_What the task asks_: Restate the data word for word and leave the images out.

Items listed in a dataset
◇ ◇ ◇
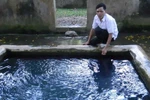 Truyền kỳ về đôi giếng thiêng và chuyện rắn trả ơn người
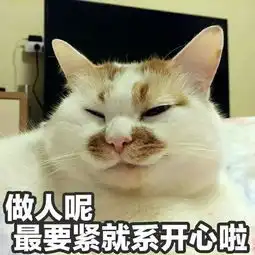 套路表情包做人呢,最紧要就系开心啦有什么不开心的看点表情包就好了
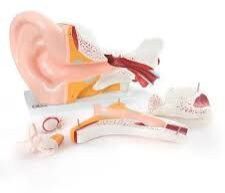 GAINT EAR MODEL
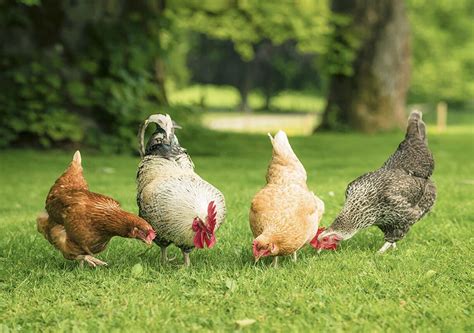 TOP 5 CHICKEN BREEDS FOR WARM CLIMATES | Kellogg Garden Products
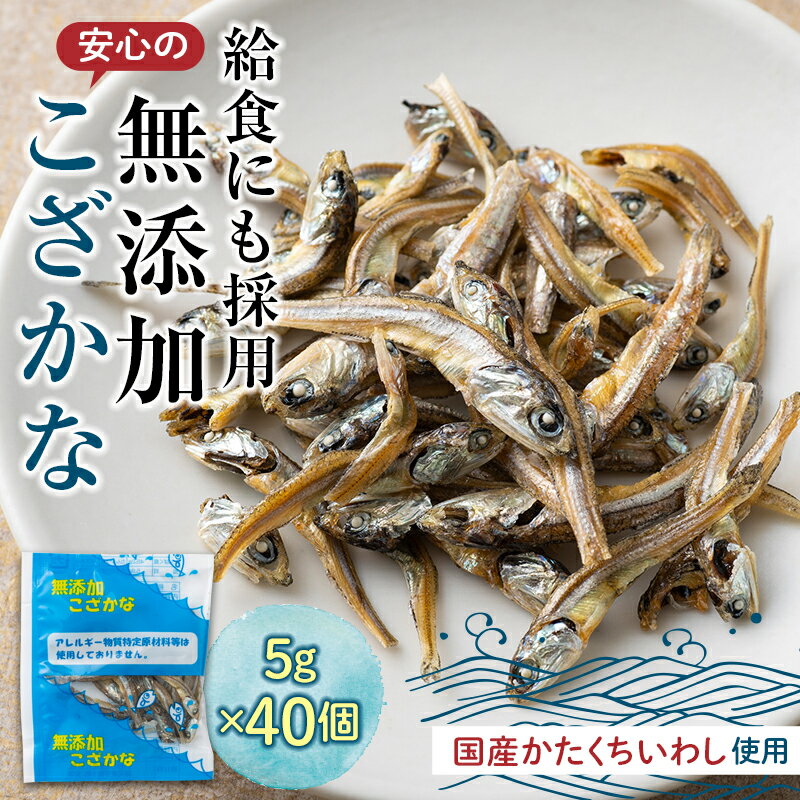 【ふるさと納税】給食使用で安心の無添加こざかな おやつ カルシウム いわし 骨 プレママ こども F21K-218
◇ ◇ ◇
_Result for this exercise_:
 Truyền kỳ về đôi giếng thiêng và chuyện rắn trả ơn người
 套路表情包做人呢,最紧要就系开心啦有什么不开心的看点表情包就好了
 GAINT EAR MODEL
 TOP 5 CHICKEN BREEDS FOR WARM CLIMATES | Kellogg Garden Products
 【ふるさと納税】給食使用で安心の無添加こざかな おやつ カルシウム いわし 骨 プレママ こども F21K-218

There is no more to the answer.